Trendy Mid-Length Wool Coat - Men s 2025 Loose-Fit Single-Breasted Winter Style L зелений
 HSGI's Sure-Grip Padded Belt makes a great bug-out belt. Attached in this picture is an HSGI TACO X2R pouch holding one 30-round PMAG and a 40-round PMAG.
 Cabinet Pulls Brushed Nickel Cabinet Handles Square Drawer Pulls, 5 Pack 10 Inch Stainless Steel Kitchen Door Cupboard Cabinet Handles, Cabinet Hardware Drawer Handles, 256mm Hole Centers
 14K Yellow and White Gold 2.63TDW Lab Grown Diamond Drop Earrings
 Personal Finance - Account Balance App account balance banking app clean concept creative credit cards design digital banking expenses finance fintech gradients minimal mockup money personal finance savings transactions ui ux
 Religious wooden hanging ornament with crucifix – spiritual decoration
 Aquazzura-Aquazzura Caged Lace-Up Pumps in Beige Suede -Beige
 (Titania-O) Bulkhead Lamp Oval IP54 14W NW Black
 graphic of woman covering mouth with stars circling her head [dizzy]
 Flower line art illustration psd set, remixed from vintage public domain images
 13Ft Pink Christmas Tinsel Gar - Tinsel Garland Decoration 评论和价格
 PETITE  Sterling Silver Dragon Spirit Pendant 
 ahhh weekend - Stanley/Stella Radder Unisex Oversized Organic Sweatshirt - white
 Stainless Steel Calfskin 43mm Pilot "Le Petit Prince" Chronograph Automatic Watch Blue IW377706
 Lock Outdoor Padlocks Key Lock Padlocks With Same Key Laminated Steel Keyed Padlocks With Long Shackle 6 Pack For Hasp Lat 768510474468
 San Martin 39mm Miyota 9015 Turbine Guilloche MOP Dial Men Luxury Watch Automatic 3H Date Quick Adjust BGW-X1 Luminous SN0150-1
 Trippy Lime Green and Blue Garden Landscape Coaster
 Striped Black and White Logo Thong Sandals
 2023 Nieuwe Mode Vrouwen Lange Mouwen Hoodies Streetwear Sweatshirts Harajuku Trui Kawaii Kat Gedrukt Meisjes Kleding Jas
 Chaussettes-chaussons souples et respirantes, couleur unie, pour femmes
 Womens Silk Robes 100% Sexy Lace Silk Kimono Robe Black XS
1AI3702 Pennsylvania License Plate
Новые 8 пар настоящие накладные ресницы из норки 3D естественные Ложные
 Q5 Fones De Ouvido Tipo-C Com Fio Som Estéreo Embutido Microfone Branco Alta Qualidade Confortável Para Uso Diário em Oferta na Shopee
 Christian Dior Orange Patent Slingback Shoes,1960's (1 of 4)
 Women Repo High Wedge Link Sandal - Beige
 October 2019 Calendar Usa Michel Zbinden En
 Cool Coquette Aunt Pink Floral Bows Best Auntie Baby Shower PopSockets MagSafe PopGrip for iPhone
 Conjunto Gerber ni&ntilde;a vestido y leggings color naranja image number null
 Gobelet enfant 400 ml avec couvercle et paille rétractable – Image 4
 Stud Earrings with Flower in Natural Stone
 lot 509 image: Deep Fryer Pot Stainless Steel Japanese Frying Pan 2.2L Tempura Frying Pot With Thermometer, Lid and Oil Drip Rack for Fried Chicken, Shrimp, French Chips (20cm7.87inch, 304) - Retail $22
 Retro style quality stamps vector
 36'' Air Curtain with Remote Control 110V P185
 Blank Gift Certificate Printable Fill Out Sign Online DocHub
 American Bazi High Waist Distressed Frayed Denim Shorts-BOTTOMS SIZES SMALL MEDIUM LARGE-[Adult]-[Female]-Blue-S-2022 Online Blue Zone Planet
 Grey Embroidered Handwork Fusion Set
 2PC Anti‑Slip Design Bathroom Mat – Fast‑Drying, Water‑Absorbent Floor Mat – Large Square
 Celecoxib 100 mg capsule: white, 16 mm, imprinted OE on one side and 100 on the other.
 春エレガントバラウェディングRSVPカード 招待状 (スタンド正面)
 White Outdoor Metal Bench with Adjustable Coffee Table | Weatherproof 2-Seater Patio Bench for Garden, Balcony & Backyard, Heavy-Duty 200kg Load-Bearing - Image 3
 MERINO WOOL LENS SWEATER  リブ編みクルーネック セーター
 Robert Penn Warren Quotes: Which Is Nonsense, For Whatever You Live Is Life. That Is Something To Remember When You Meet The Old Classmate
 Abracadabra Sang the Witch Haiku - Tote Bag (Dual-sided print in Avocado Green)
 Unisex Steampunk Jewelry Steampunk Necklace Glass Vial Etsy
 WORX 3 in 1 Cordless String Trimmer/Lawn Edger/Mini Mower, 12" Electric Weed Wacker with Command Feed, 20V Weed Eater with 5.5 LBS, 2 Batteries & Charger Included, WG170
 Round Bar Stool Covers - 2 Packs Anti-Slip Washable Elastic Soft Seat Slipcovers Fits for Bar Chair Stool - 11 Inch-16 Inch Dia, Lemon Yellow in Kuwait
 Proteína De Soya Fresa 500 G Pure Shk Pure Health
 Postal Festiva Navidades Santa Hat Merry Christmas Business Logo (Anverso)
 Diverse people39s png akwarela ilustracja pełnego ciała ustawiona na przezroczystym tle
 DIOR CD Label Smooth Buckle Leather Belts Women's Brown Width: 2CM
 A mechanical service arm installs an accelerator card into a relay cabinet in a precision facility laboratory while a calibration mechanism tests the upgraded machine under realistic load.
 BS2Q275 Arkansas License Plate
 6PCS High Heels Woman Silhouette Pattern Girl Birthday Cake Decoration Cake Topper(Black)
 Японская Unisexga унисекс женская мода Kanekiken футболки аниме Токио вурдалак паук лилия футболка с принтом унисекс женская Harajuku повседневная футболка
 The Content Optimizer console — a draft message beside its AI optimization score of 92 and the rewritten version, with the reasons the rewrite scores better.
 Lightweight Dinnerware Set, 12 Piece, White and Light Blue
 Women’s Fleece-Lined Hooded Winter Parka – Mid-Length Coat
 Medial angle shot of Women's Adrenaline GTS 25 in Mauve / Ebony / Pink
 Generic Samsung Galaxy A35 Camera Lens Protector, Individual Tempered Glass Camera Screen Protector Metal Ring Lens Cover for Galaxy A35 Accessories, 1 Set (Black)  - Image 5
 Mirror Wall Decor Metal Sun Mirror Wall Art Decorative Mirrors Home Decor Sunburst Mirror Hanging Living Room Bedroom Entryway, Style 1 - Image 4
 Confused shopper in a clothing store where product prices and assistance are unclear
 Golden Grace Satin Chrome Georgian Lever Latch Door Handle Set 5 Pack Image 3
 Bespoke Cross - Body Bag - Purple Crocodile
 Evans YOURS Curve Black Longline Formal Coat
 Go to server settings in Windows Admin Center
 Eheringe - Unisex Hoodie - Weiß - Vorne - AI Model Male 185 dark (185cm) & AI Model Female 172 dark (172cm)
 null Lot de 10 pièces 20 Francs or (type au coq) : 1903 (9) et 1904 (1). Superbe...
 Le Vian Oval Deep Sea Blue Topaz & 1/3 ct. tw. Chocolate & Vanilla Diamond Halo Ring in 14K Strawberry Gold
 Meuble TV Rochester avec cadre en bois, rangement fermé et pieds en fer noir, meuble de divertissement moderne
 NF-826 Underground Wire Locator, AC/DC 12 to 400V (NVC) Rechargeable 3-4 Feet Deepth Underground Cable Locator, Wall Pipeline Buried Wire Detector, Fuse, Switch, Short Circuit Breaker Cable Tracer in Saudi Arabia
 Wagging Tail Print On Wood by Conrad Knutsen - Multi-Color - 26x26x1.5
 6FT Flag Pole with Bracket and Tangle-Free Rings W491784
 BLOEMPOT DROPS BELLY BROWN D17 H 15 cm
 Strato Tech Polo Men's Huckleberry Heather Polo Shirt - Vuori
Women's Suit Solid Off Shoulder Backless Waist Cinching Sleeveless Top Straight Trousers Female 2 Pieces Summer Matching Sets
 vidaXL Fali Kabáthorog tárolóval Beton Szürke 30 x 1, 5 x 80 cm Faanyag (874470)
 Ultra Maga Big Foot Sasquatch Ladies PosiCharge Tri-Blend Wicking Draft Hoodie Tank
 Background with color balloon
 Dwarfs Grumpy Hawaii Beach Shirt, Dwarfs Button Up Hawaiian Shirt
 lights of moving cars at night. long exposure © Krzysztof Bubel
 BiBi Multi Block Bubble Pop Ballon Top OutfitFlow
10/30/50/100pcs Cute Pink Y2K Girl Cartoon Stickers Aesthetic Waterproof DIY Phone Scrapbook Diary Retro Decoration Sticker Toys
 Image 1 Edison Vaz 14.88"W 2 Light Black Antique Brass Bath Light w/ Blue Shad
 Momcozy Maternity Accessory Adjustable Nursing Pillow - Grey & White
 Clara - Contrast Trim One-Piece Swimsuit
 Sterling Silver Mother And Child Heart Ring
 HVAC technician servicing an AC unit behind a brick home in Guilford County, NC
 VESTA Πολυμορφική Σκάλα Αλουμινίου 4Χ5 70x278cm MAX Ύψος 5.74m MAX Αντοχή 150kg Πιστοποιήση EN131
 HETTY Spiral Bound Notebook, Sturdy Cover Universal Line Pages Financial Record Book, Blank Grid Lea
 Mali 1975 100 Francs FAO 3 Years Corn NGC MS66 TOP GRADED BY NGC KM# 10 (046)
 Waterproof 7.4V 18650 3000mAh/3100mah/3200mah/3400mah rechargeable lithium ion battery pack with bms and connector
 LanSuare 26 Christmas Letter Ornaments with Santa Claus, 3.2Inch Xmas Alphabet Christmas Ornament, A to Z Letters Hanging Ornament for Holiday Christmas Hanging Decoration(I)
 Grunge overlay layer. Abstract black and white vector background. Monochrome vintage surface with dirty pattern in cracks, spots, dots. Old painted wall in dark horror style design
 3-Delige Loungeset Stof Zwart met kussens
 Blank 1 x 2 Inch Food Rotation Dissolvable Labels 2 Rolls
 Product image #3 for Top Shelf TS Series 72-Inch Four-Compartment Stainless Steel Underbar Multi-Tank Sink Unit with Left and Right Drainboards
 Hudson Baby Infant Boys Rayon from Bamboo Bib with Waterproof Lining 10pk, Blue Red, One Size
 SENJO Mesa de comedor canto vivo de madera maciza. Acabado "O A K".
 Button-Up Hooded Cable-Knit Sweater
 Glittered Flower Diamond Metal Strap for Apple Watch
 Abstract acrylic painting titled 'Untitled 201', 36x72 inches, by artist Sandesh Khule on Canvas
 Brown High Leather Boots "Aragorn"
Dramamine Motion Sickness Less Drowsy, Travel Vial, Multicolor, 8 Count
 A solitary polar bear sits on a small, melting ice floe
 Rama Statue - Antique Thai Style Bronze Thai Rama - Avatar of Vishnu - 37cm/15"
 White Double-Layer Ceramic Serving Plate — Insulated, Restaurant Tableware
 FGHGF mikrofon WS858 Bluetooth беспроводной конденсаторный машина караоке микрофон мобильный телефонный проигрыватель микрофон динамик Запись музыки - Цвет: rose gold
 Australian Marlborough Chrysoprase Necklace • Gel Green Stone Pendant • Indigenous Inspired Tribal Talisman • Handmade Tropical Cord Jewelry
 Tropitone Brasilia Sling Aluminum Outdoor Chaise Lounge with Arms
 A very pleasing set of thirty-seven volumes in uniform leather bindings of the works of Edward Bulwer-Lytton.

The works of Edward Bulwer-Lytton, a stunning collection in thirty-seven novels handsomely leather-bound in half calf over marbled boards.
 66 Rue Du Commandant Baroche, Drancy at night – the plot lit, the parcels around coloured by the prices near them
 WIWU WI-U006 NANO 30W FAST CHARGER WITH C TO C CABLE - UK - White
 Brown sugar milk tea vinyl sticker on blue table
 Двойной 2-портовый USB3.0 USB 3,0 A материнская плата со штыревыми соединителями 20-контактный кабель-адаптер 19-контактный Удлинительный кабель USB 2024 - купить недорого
****
> [Task directions]
Starting with the line with "Lightweight Dinnerware Set, 12" above and going on through the line with "BiBi Multi Block", transcribe every line exactly, both ends included, and add nothing.

> [Reply to the exercise]
 Lightweight Dinnerware Set, 12 Piece, White and Light Blue
 Women’s Fleece-Lined Hooded Winter Parka – Mid-Length Coat
 Medial angle shot of Women's Adrenaline GTS 25 in Mauve / Ebony / Pink
 Generic Samsung Galaxy A35 Camera Lens Protector, Individual Tempered Glass Camera Screen Protector Metal Ring Lens Cover for Galaxy A35 Accessories, 1 Set (Black)  - Image 5
 Mirror Wall Decor Metal Sun Mirror Wall Art Decorative Mirrors Home Decor Sunburst Mirror Hanging Living Room Bedroom Entryway, Style 1 - Image 4
 Confused shopper in a clothing store where product prices and assistance are unclear
 Golden Grace Satin Chrome Georgian Lever Latch Door Handle Set 5 Pack Image 3
 Bespoke Cross - Body Bag - Purple Crocodile
 Evans YOURS Curve Black Longline Formal Coat
 Go to server settings in Windows Admin Center
 Eheringe - Unisex Hoodie - Weiß - Vorne - AI Model Male 185 dark (185cm) & AI Model Female 172 dark (172cm)
 null Lot de 10 pièces 20 Francs or (type au coq) : 1903 (9) et 1904 (1). Superbe...
 Le Vian Oval Deep Sea Blue Topaz & 1/3 ct. tw. Chocolate & Vanilla Diamond Halo Ring in 14K Strawberry Gold
 Meuble TV Rochester avec cadre en bois, rangement fermé et pieds en fer noir, meuble de divertissement moderne
 NF-826 Underground Wire Locator, AC/DC 12 to 400V (NVC) Rechargeable 3-4 Feet Deepth Underground Cable Locator, Wall Pipeline Buried Wire Detector, Fuse, Switch, Short Circuit Breaker Cable Tracer in Saudi Arabia
 Wagging Tail Print On Wood by Conrad Knutsen - Multi-Color - 26x26x1.5
 6FT Flag Pole with Bracket and Tangle-Free Rings W491784
 BLOEMPOT DROPS BELLY BROWN D17 H 15 cm
 Strato Tech Polo Men's Huckleberry Heather Polo Shirt - Vuori
Women's Suit Solid Off Shoulder Backless Waist Cinching Sleeveless Top Straight Trousers Female 2 Pieces Summer Matching Sets
 vidaXL Fali Kabáthorog tárolóval Beton Szürke 30 x 1, 5 x 80 cm Faanyag (874470)
 Ultra Maga Big Foot Sasquatch Ladies PosiCharge Tri-Blend Wicking Draft Hoodie Tank
 Background with color balloon
 Dwarfs Grumpy Hawaii Beach Shirt, Dwarfs Button Up Hawaiian Shirt
 lights of moving cars at night. long exposure © Krzysztof Bubel
 BiBi Multi Block Bubble Pop Ballon Top OutfitFlow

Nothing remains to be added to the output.